De otra parte, han devuelto la confianza de la opinión pública en el Gobierno (que parecía desfalleciente) del presidente, François Hollande, y de su primer ministro, Manuel Valls, por su enérgico manejo de la crisis provocada por el desafío terrorista, y renovado los consensos de la clase política francesa a favor de los “principios republicanos”, es decir, la coexistencia en la diversidad de creencias, costumbres y culturas diferentes. En vez de dejarse intimidar por el chantaje sangriento de los extremistas islámicos, Francia, que los ha combatido ya en el África y lo sigue haciendo en Oriente Próximo, reafirma su decisión de seguir enfrentándolos. En prueba de ello, ha despachado a esa región a su principal porta-aviones, el Charles de Gaulle, a fin de apoyar los bombardeos aliados contra el califato islámico instaurado en territorios de Siria e Irak. Vale la pena recordar que Francia propuso una intervención militar en Siria a favor de los rebeldes laicos y demócratas que se alzaron contra la dictadura de Bachar el Asad y que su propuesta se frustró por culpa de Estados Unidos y otros aliados, intimidados por Vladímir Putin, proveedor de armas al Gobierno sirio. Ahora que aquellas fuerzas rebeldes han sido barridas por los fanáticos islamistas que quieren derrocar al régimen de El Asad para instalar una dictadura todavía más despótica (en el califato islámico, además de las decapitaciones, los latigazos y la esclavización de la mujer, acaba de estrenarse la política de lanzar al vacío a los homosexuales), muchos Gobiernos occidentales lamentarán no haber adoptado la firmeza de Francia en defensa de la civilización, que es, a todas luces, lo que el extremismo islamista se propone exterminar.
Pero, acaso la más importante deriva de los asesinatos cometidos por los yihadistas en París sea el regreso de las ideas a la política francesa. Ellas fueron las grandes protagonistas de su vida pública a lo largo de buena parte de su historia, pero, en los últimos tiempos, en parte por el desinterés —para no decir el desprecio— que a su intelligentsia inspiraba la política, y, en parte, por el sesgo puramente pragmático, de mera gestión de lo existente, sin vuelo, ni horizonte, ni ideales, que había adquirido aquella, el debate de ideas, en la que Francia siempre descolló, parecía haberse extinguido en la tierra de Voltaire, Diderot, Sartre, Malraux, Camus. En estas últimas semanas ha vuelto, de manera plural y torrentosa.
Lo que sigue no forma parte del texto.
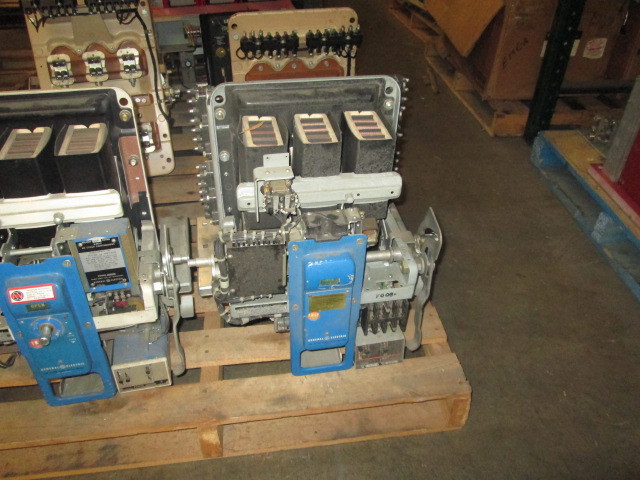 600 Amps, General Electric, AK-5-25-E, electrically operated, drawout - Image 1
Hace mucho que no se veía a tantos escritores, profesores, eruditos, investigadores, volcarse de manera tan intensa en la vida pública, opinando a través de artículos, manifiestos, entrevistas en la radio, la televisión y los periódicos, sobre el crecimiento del antisemitismo, la islamofobia, los guetos de inmigrantes desprovistos de educación, de trabajo y de oportunidades que se multiplican en las ciudades europeas y sirven de caldo de cultivo del extremismo antioccidental, de donde están partiendo millares de jóvenes a integrar los batallones fanáticos de Al Qaeda, el califato islámico y otras sectas terroristas.
La polémica es tan intensa que me ha hecho recordar los años sesenta, cuando temas como la guerra de Argelia, las denuncias sobre el Gulag, la fascinación que ejercían entre muchos jóvenes la revolución cubana y el maoísmo, el compromiso y la militancia de los intelectuales, animaban un debate efervescente que enriquecía la política y la cultura francesas. Entre las ideas sobre las que la disparidad de opiniones es mayor figura la inmigración: ¿constituye ella un peligro potencial, como cree Marine Le Pen y a la que parecería suscribir el revoltoso Michel Houellebecq con su última novela, Sumisión, y por tanto ser restringida y vigilada con rigor? Otros intelectuales, como André Glucksmann, recuerdan que el mayor número de víctimas del terrorismo islámico son los propios musulmanes, que han muerto ya y siguen muriendo por decenas de millares, víctimas de unos fanáticos para los cuales todo quien descree de su verdad única merece ser exterminado. El fanatismo irracional y asesino no es monopolio del islam; florece también en otras religiones, de la que no estuvo excluida la cristiana, aunque, quién podría negarlo, aquel es mucho más resistente a la modernización de lo que ésta lo fue, pues no ha experimentado aún ese largo proceso de laicización que permitió a la Iglesia católica adaptarse a la democracia, es decir, dejar de identificarse con el Estado. Todo esto parece indicar que pasará todavía mucho tiempo antes de que los países árabes —un ejemplo promisor, por desgracia hasta ahora único, es el de Túnez— adopten la cultura de la libertad.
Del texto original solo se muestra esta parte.